| Instructions to follow |
Beginning with the first entry, print all the records exactly.

Items from a data source:
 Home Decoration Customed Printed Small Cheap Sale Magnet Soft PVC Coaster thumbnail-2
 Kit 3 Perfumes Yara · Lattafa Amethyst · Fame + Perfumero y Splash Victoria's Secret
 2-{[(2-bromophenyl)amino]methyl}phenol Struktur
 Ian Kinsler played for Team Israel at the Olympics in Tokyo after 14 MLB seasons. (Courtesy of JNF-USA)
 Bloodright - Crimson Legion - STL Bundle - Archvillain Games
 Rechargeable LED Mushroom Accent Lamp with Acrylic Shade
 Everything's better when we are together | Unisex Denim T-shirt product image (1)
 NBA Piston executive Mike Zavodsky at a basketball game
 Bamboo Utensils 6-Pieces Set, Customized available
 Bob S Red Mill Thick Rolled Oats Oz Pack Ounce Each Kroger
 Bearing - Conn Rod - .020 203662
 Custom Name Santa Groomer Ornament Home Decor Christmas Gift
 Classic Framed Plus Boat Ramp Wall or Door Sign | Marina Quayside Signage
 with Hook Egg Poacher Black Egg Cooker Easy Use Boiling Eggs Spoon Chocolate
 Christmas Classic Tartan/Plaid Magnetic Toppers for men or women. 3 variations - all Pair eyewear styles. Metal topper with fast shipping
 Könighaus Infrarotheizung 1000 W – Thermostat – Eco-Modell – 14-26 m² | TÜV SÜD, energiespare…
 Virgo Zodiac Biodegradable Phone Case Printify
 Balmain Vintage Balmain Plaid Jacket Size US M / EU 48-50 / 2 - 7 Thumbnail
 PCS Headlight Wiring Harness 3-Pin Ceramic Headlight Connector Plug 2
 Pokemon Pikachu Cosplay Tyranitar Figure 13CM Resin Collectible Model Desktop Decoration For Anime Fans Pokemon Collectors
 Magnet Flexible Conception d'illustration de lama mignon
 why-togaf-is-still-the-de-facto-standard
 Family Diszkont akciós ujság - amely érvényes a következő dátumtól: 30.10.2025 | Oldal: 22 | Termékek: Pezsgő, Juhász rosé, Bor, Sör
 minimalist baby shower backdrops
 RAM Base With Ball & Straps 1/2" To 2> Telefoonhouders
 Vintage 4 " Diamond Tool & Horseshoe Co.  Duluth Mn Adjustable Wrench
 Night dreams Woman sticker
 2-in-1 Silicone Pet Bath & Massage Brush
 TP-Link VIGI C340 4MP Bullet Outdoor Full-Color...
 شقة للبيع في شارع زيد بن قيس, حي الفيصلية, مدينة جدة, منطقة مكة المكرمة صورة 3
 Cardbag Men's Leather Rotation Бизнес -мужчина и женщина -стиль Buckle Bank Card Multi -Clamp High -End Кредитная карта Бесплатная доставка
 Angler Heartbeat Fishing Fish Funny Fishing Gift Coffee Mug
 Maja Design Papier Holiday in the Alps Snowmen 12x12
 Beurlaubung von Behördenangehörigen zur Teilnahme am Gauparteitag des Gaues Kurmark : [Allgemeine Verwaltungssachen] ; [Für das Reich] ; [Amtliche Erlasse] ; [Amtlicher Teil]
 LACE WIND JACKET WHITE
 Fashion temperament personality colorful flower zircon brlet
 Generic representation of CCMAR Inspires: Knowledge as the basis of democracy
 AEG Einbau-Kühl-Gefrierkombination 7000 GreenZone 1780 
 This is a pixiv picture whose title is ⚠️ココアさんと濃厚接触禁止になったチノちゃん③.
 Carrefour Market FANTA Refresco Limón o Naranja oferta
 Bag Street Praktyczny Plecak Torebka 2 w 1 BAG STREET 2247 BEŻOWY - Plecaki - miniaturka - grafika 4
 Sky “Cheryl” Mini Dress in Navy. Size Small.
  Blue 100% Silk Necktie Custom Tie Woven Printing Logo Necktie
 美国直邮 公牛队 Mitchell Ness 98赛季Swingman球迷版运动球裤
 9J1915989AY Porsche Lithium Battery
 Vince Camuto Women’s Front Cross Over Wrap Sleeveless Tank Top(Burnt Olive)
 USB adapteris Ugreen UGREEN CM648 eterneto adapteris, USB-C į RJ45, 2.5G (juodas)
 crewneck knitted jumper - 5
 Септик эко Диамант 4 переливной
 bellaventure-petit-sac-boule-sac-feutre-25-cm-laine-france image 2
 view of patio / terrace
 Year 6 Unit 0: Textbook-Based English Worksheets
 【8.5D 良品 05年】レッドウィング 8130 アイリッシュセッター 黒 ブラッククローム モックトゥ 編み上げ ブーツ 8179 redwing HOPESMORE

| Response box |
 Home Decoration Customed Printed Small Cheap Sale Magnet Soft PVC Coaster thumbnail-2
 Kit 3 Perfumes Yara · Lattafa Amethyst · Fame + Perfumero y Splash Victoria's Secret
 2-{[(2-bromophenyl)amino]methyl}phenol Struktur
 Ian Kinsler played for Team Israel at the Olympics in Tokyo after 14 MLB seasons. (Courtesy of JNF-USA)
 Bloodright - Crimson Legion - STL Bundle - Archvillain Games
 Rechargeable LED Mushroom Accent Lamp with Acrylic Shade
 Everything's better when we are together | Unisex Denim T-shirt product image (1)
 NBA Piston executive Mike Zavodsky at a basketball game
 Bamboo Utensils 6-Pieces Set, Customized available
 Bob S Red Mill Thick Rolled Oats Oz Pack Ounce Each Kroger
 Bearing - Conn Rod - .020 203662
 Custom Name Santa Groomer Ornament Home Decor Christmas Gift
 Classic Framed Plus Boat Ramp Wall or Door Sign | Marina Quayside Signage
 with Hook Egg Poacher Black Egg Cooker Easy Use Boiling Eggs Spoon Chocolate
 Christmas Classic Tartan/Plaid Magnetic Toppers for men or women. 3 variations - all Pair eyewear styles. Metal topper with fast shipping
 Könighaus Infrarotheizung 1000 W – Thermostat – Eco-Modell – 14-26 m² | TÜV SÜD, energiespare…
 Virgo Zodiac Biodegradable Phone Case Printify
 Balmain Vintage Balmain Plaid Jacket Size US M / EU 48-50 / 2 - 7 Thumbnail
 PCS Headlight Wiring Harness 3-Pin Ceramic Headlight Connector Plug 2
 Pokemon Pikachu Cosplay Tyranitar Figure 13CM Resin Collectible Model Desktop Decoration For Anime Fans Pokemon Collectors
 Magnet Flexible Conception d'illustration de lama mignon
 why-togaf-is-still-the-de-facto-standard
 Family Diszkont akciós ujság - amely érvényes a következő dátumtól: 30.10.2025 | Oldal: 22 | Termékek: Pezsgő, Juhász rosé, Bor, Sör
 minimalist baby shower backdrops
 RAM Base With Ball & Straps 1/2" To 2> Telefoonhouders
 Vintage 4 " Diamond Tool & Horseshoe Co.  Duluth Mn Adjustable Wrench
 Night dreams Woman sticker
 2-in-1 Silicone Pet Bath & Massage Brush
 TP-Link VIGI C340 4MP Bullet Outdoor Full-Color...
 شقة للبيع في شارع زيد بن قيس, حي الفيصلية, مدينة جدة, منطقة مكة المكرمة صورة 3
 Cardbag Men's Leather Rotation Бизнес -мужчина и женщина -стиль Buckle Bank Card Multi -Clamp High -End Кредитная карта Бесплатная доставка
 Angler Heartbeat Fishing Fish Funny Fishing Gift Coffee Mug
 Maja Design Papier Holiday in the Alps Snowmen 12x12
 Beurlaubung von Behördenangehörigen zur Teilnahme am Gauparteitag des Gaues Kurmark : [Allgemeine Verwaltungssachen] ; [Für das Reich] ; [Amtliche Erlasse] ; [Amtlicher Teil]
 LACE WIND JACKET WHITE
 Fashion temperament personality colorful flower zircon brlet
 Generic representation of CCMAR Inspires: Knowledge as the basis of democracy
 AEG Einbau-Kühl-Gefrierkombination 7000 GreenZone 1780 
 This is a pixiv picture whose title is ⚠️ココアさんと濃厚接触禁止になったチノちゃん③.
 Carrefour Market FANTA Refresco Limón o Naranja oferta
 Bag Street Praktyczny Plecak Torebka 2 w 1 BAG STREET 2247 BEŻOWY - Plecaki - miniaturka - grafika 4
 Sky “Cheryl” Mini Dress in Navy. Size Small.
  Blue 100% Silk Necktie Custom Tie Woven Printing Logo Necktie
 美国直邮 公牛队 Mitchell Ness 98赛季Swingman球迷版运动球裤
 9J1915989AY Porsche Lithium Battery
 Vince Camuto Women’s Front Cross Over Wrap Sleeveless Tank Top(Burnt Olive)
 USB adapteris Ugreen UGREEN CM648 eterneto adapteris, USB-C į RJ45, 2.5G (juodas)
 crewneck knitted jumper - 5
 Септик эко Диамант 4 переливной
 bellaventure-petit-sac-boule-sac-feutre-25-cm-laine-france image 2
 view of patio / terrace
 Year 6 Unit 0: Textbook-Based English Worksheets
 【8.5D 良品 05年】レッドウィング 8130 アイリッシュセッター 黒 ブラッククローム モックトゥ 編み上げ ブーツ 8179 redwing HOPESMORE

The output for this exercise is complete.